Poucos gravadores podem fazer uma exposição só de gravuras e apresentar 60 imagens diferentes. Não são variações de cores na mesma imagem, não se trata da mesma imagem (com aparência variada) permutada até o infinito num monótono exercício decorativo. São 60 imagens criadas uma a uma, com tratamento e enfoque particularizado. É claro que elas fazem parte da mesma odisseia, de uma única visão da realidade, filosofia do fazer e interpretativa, uma maneira só, um só artista, uma só gesta.
O método e a percepção. O artista percebe o mundo e isto é pessoal, intransferível. Se não, qual seria a sua função? Rossi não vê a realidade apenas através de formas e cores. Ele funda-se no ser humano. Desta maneira, com este enfoque principal, a sua arte e a sua gravura é humanística. João Rossi entende o mundo como um mundo construído pelo ser humano e é neste universo inteiramente humano que ele atua. A paisagem é humana. O homem é a paisagem deste artista.

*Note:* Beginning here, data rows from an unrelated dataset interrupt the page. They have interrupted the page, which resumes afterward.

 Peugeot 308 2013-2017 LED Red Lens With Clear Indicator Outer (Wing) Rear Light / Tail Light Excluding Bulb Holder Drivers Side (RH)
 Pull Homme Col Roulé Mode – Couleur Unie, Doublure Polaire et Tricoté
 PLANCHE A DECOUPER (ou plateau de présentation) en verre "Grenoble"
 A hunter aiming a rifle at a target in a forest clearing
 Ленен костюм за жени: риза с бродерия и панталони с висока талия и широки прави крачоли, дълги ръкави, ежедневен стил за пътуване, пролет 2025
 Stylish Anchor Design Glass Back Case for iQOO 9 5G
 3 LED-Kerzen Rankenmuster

É a partir desta proposta humanística que Rossi estabelece um dos mais notáveis exemplos de experimentação que a gravura já teve no nosso país. Raros gravadores têm, em qualquer parte, a mesma dedicação e liberdade criativa de João Rossi. Ele trabalha o seu suporte como se fosse uma escultura ou uma matéria prima. Ele o retalha, articula vazios e relevos em sistemas especiais de elaboração que, forçosamente, determinam o processo de impressão e as características do papel, sempre com as marcas desta matriz revolucionária: relevos, marcas, estruturas geométricas. Por este ângulo, Rossi poderia ser uma formalista. Mas, como este extremo requinte formal está aliado à sua visão humanística, nós temos um conjunto integrado no qual se encontra uma gravura em plena maturidade e processo e nos limites do possível na técnica. Rossi, por este lado, ainda que não seja esta a sua intenção primordial, discute os limites da gravura como poucos o fizeram. Como estamos distantes da gravura como ilustração ou peça decorativa.
A constância de Rossi ao seu tema e assuntos, a tenacidade como desenvolve a sua visão humanística, é capaz de nos apresentar a odisseia dos povos da América do Sul. É um fato notável. A coerência linguística está associada à constância formal e ao desenvolvimento orgânico, mais que intelectual, dos assuntos que emocionam o artista. É uma reflexão, através do papel, sobre a realidade. Ao fim e ao cabo, Rossi construiu uma obra extraordinária, capaz de grande contribuição.
Não tenho o menor receio de apresentar João Rossi como um dos principais gravadores da história brasileira. E isto num país que se destacou pela qualidade de sua produção contemporânea. Não posso deter-me nas particularidades. As séries Ameríndias (tão percursora em relação atual e superficial moda), os Niños Muertos, os Vendedores de Rua, o Urbano. Basta lembrar que, em todos estes momentos, o artista esteve encantado com as luzes do mundo, da natureza ao urbano e que, sempre, foi capaz de renovar a fertilizar esta visão. Não há nunca o apelo à demagogia, ao simples, ao fácil e agradável. O rigor de Rossi é o de quem utiliza e é utilizado pela arte para criar uma observação do mundo.
Certamente, todos estes aspectos têm a ver com o conjunto de sua obra, uma denodada experimentação de materiais e processos numa liberdade alucinada. O percurso de um artista em direção ao entendimento. Estas ligações e as fiz num livro sobre o artista, “Luzes da América”. Hoje, detidos nesta série de imagens gravadas, severamente gravadas, no afloramento da consciência e na constância e tenacidade que possuem só os artistas que entendem o seu trabalho como um exercício do ser, com esta dedicação existencial, podemos dizer que João Rossi faz parte da galeria dos verdadeiros heróis de nosso país.